Sometimes writing too many alternatives into an oil and gas lease invites confusion … which provokes litigation … which results in disappointment for somebody … or everybody.
For example, the central issue in Vermillion FC, LP v. 1776 Energy Partners, LLC was the effect of a well-tract designation pursuant to a retained acreage provision. The parties entered into an oil and gas lease covering approximately 1100 acres in Zavala County Lessee 1776 Energy commenced drilling a horizontal oil well, the Byrd Ranch No. 1H, and began production, designated a 320-acre well tract, and notified Vermillion.
The parties spent the next three years fighting over whether 1776 Energy breached the lease by, among other things, retaining excess acreage in the well tract and untimely releasing non-retained acreage.
Vermillion sued for breach of contract and other claims. Both parties moved for partial summary judgment. Vermillion argued that the 1776 Energy’s 320-acre well tract should have been 40 acres and that the lease terminated as to all other acreage. Specifically, Vermillion argued that the retained acreage clause required the well tract to have as few acres as possible for actual production.
The trial court granted Vermillion’s motion and denied 1776 Energy’s.
The clause (we are paraphrasing) defined the well tract as the “minimum number of acres” “producing in paying quantities”, but was qualified by
- … which pursuant to the applicable field rules provides or permits for creation of an allowable sufficient to cover actual production;
- … but was expressly limited of 80 acres plus the length of the horizontal well bore plus 330 feet on either side thereof; and
- … notwithstanding the above, to the extent the Railroad Commission’s field rules provided for additional acreage, the rules would control.

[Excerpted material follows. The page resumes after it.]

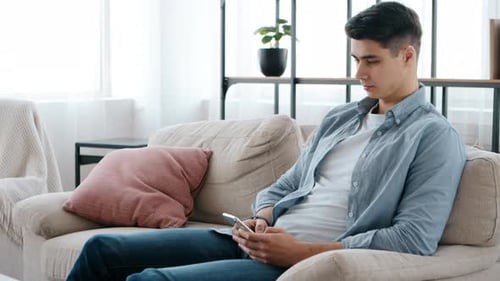Young Adult Using Smartphone Relaxing on Couch Indoors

After examining the field rules and the express language of the lease, the court of appeals concluded that 1776 Energy was entitled to retain 280 acres with respect to the well—not 40 acres as Vermillion argued or the 320 acres 1776 Energy wanted. The court distinguished this case from Endeavor Energy Resources v. Discovery Operating and XOG Operating v. Chesapeake Exploration by emphasizing the Supreme Court’s holdings that a retained acreage clause must be construed on its own language under governing principles of contract interpretation. Also, Endeavor and XOG involved vertical wells, not horizontals.
Concluding that the Byrd Ranch No. 1H Well retained 280 acres rather than 320, the court reversed and remanded. The additional 40 acres automatically terminated at the end of the primary term. 1776 Energy breached the lease by failing to release the 40 acres.
Your musical interlude.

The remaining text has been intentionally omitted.